The play begins as a halting lecture, self-consciously delivered by the six cast members who then begin to enact a scene about the white takeover of the black people of Namibia. We are witnessing not just a rehearsal, but the arguments that divide the actors as they attempt to devise their piece from whole cloth.

They bicker about everything in the process. How historically factual must they be? Do they make up dialogue or must they use the scant historical documents available to them? Do they develop their own characters and back-stories? Do they have the chops to perform it?

Finally, one of them tells the rest: “The whole point of this thing is showing that these people are not so different from us.” By us, he actually means U.S. That’s when the cast begins to sell us acting as real life – their racism becomes tinged with southern accents and their notion of prejudice translates into an overwrought theatricality.
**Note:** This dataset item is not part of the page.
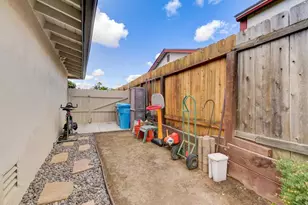 8373 Lake Baca Dr, San Diego, CA 92119 - Photo 23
That’s also the moment when “We Are Proud to Present” begins to intellectually mow the audience down.

The cast, under director Pirronne Yousefzadeh, is exceptional: Aimé Donna Kelly as the leader of the cast putting the show together; JaBen Early and James Ijames as the black characters, Kevin Meehan and Jamison Foreman as the white characters and Miriam White as the German wife back home. Elizabeth Atkinson’s sound design and Cecilia Durbin’s lighting are spot-on, both when the play is at its most worthwhile, and also when it’s not.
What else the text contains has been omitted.